I experienced one incident when cattle
were crossing the road. I saw them at a safe distance and slowed
rapidly. But the driver behind me never even noticed them until he had
passed me and had to swerve so violently in order to miss a cow that he
almost rolled his vehicle. The drivers will pass you on any curve, site
unseen, and I found that moving to the right would help a lot as long as
there was no bicycle or horse in the right berm area. I felt that I
could usually maintain a 50 MPH speed where I thought that there was a
safe site distance ahead. The highway cars and large trucks! generally
seemed to run at 60 MPH or a little more. Note that the car speedometer
and the few speed limit signs erected are in Kilometers per hour.
The secondary road driving and the driving within the small towns (Copan
Ruins included) would mean more potholes and some pretty bumpy spots.
One had to pick the way carefully in order to avoid hitting bottom.

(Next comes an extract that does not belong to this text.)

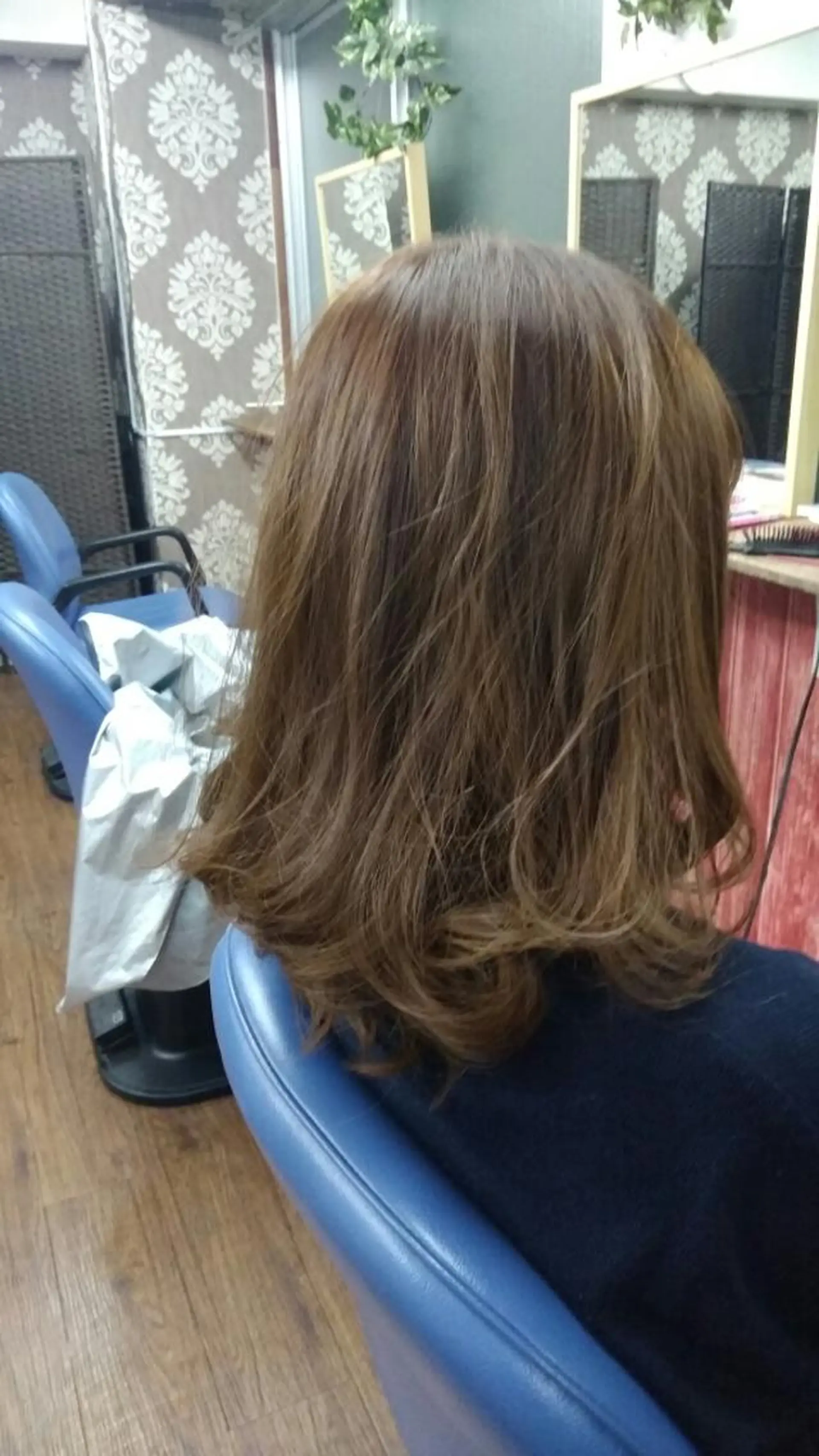 カラー masa ディレクターのヘアスタイル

Almost all city streets are really narrow with just enough room for two
small cars to pass.
Gas Stations and Parking
Fuel stations are quite plentiful and generally well staffed and well
run. Gasoline was usually just a little more that $3.10 US per gallon
($3.60 US for high grade) at the time of my travels.
When we stopped for the night, I always inquired about where to safely
park the car for the night and was always assured that the area that I
was shown would be secure.
Generally, I averaged about 35 mph when traveling on the best of the
highways and less than half that when using the secondary paved roads
(don’t get behind a beer truck that is going up grade). Be careful in
the cities that have traffic lights. They are not always in the same
general location and may be nearly hidden at some lower level. The
locals know where they are so the system usually works.
Make sure that
your driver’s license is available to show along with the ownership
paper provided by the rental company. I only had one police check point
stop in seven days of driving and the National Policeman was courteous
and efficient. There was never a hint of an improper solicitation by him
of any money.
I drove about 492 miles in the week that I kept the car. I
saw a couple of accidents and a few emergency vehicles working along the
roads but I really never even had a close call. The car turn-back at the
San Pedro Sula airport was easy and pleasant with no damages noted. For
the rest of my travels I did jump a bus or used a taxi where walking was
too far. The car rental venture thus ended as a total success for me.
Ron Hay is a retired Civil
Engineer who enjoys traveling with his wife to just about anywhere in the world
to explore ancient civilizations and to enjoy its natural beauty. He lives in
Ohio, USA, and also has lived in Europe, Panama, and South East Asia. Their
travels have taken them to spots on all of the Earth’s continents and they
especially love the time that they can spend in Central and South America.
The Maya city of Copan brought them to Honduras for the first time and they were
not surprised to find an entire country filled with opportunities for adventure.
From the Western Highlands to the Miskito Coast they were warmed by the
friendliness of the people, the beautiful scenery, the enjoyment of good fresh
food, and the opportunity to just plain have fun.